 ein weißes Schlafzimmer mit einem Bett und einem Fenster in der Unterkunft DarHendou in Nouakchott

--

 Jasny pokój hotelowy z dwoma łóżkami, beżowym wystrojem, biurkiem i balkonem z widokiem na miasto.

==

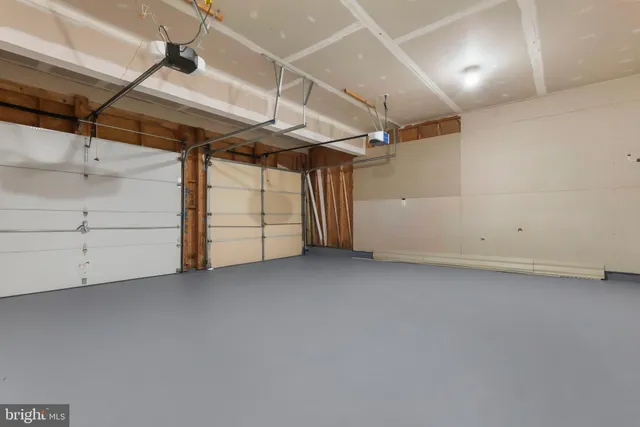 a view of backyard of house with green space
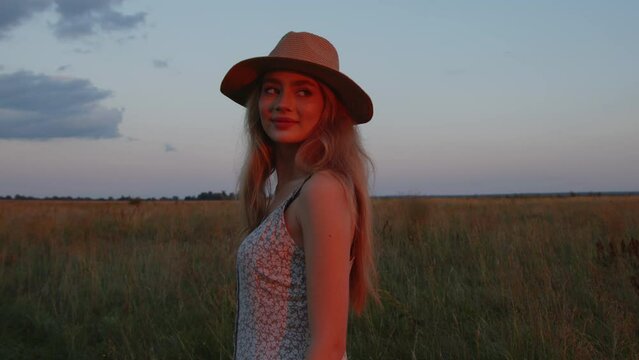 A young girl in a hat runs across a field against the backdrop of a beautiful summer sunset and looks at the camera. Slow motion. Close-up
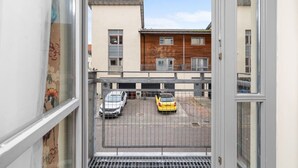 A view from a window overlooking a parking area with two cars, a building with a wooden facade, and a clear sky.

■ **WHAT TO PRODUCE**
The lines above starting at the one that holds "a view of backyard of house with green space" and ending at the one that holds "A view from" are to be written out exactly, ends included, and no pictures are to be copied.

■ **SOLUTION**
 a view of backyard of house with green space
 A young girl in a hat runs across a field against the backdrop of a beautiful summer sunset and looks at the camera. Slow motion. Close-up
 A view from a window overlooking a parking area with two cars, a building with a wooden facade, and a clear sky.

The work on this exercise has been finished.